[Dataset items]
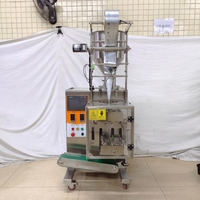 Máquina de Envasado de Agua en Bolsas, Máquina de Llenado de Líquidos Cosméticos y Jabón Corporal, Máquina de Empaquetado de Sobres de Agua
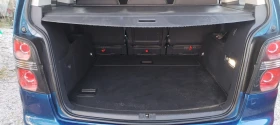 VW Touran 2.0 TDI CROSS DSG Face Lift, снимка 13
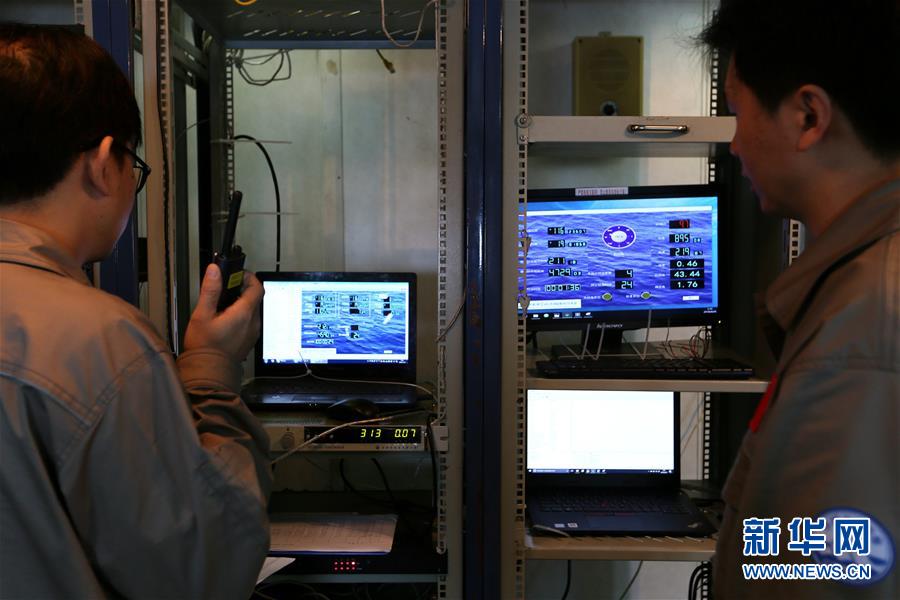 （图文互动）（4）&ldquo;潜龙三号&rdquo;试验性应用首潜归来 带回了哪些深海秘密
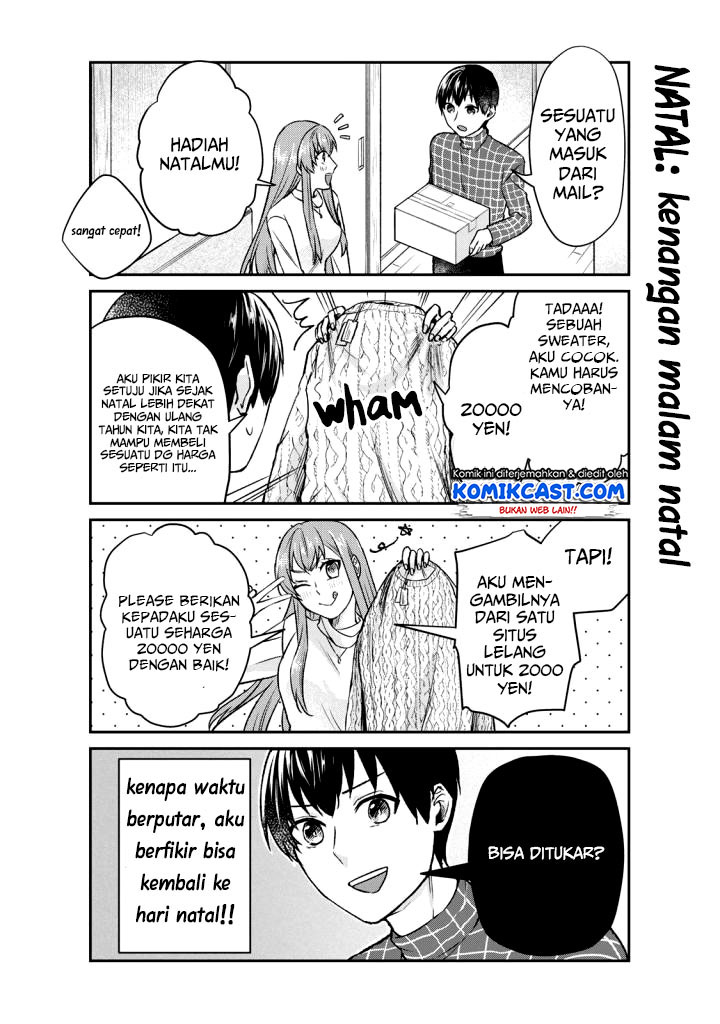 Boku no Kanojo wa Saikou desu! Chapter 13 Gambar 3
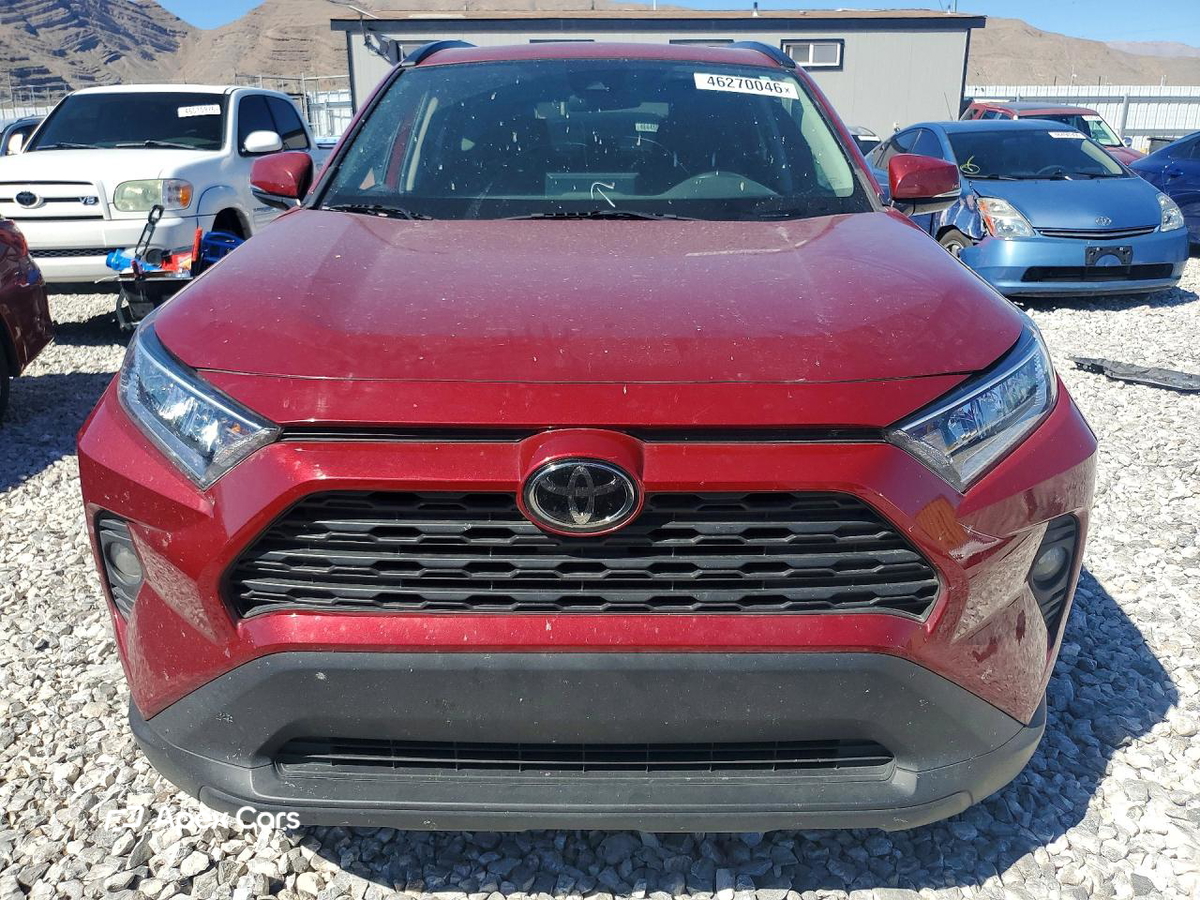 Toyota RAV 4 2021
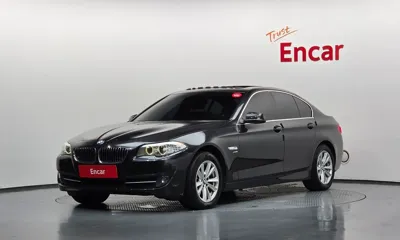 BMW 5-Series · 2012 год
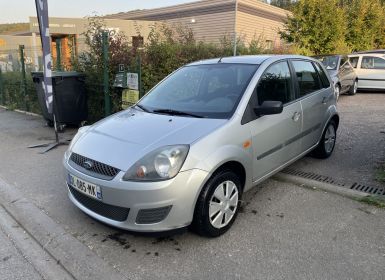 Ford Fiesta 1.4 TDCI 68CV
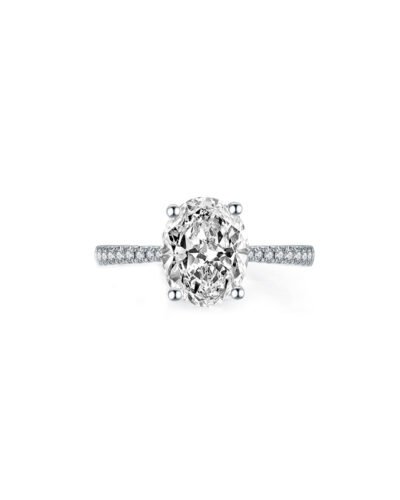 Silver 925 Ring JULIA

## Task description
The task calls for duplicating the data exactly, with no images kept.

## Result of this exercise
 Máquina de Envasado de Agua en Bolsas, Máquina de Llenado de Líquidos Cosméticos y Jabón Corporal, Máquina de Empaquetado de Sobres de Agua
 VW Touran 2.0 TDI CROSS DSG Face Lift, снимка 13
 （图文互动）（4）&ldquo;潜龙三号&rdquo;试验性应用首潜归来 带回了哪些深海秘密
 Boku no Kanojo wa Saikou desu! Chapter 13 Gambar 3
 Toyota RAV 4 2021
 BMW 5-Series · 2012 год
 Ford Fiesta 1.4 TDCI 68CV
 Silver 925 Ring JULIA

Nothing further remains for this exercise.